Oh les Chefs was the winner, mainly due to its great potential for international expansion. They will gain access to an exclusive workspace within the LABe- Digital Gastronomy Lab for six months. In addition, the startup will actively participate in Culinary Action!, Basque Culinary Center's gastronomic entrepreneurship program, and will enjoy a six-month membership in the GOe Digital Community.

To date, more than 700 startups from more than 100 countries have participated in the competition. Applications are now open for the fourth edition of the UNWTO Gastronomic Tourism Startup Contest in collaboration with the Basque Culinary Center and promoted by Alpitour World.

A roadmap for reducing food waste in tourism

Drawing on the recommendations of the Global Roadmap for Reducing Food Waste in Tourism, published by UNWTO in collaboration with the United Nations Environment Programme, the session "Circular solutions to reduce food waste food" showed various initiatives from hotels, restaurants and cruise lines.

Solutions ranged from prevention measures, such as conscious purchasing and menu design; redistribution of surplus food to vulnerable groups and processing of biomaterials; to circular strategies such as composting or energy recovery. Discussions also emphasized the importance of education, innovation, and supporting regulations and policies to accelerate change.

Inaugural dinner offered by Chefs of the Collective Table

The inaugural dinner of the Forum was hosted by Chefs from Mahaia Kolektiboa, a collective of chefs committed to the evolution of Basque cuisine.

Aitor Arregi (Elkano), Jon Ayala (Laia Erretegia), Xabi Gorrotxategi (Casa Julián), Dani López (Kokotxa), Javi Rivero (AMA), Roberto Ruiz (HIKA), Gorka Txapartegi (Alameda) and Armintz Gorrotxategi (Rafa Gorrotxategi) , all dedicated members of the Collective Table, showed the essence of Basque cuisine, a hallmark of Donostia - San Sebastián that attracts visitors from all over the world.

UNWTO announces the 2024 venue for the World Gastronomic Tourism Forum
The 2024 Forum will take place in Manama, Bahrain, marking the first time it will be held in the Middle East.

To conclude the Forum in an experiential way, tomorrow, October 7, attendees will have the opportunity to choose between 6 different excursions to experience and savor the local cuisine.

Likewise, the parallel event "Culinary Plaza", open to local citizens and organized by the Basque Culinary Center, in collaboration with the UNWTO, will highlight culinary specialties from destinations such as Zimbabwe, Saudi Arabia, Porto and Botswana.

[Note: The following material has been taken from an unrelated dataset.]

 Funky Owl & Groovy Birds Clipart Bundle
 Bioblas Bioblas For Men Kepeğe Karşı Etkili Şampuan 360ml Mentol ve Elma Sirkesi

It will do so through a gastronomic fair in a food market format where you can delve deeper into the culinary culture of these corners of the world and taste their cuisine in a unique environment.

This year's Forum is organized by the World Tourism Organization (UNWTO) and the Basque Culinary Center (BCC), with the support of the Ministry of Industry, Commerce and Tourism of Spain, the Basque Government and the Provincial Council of Guipuzkoa, the San Sebastián City Council.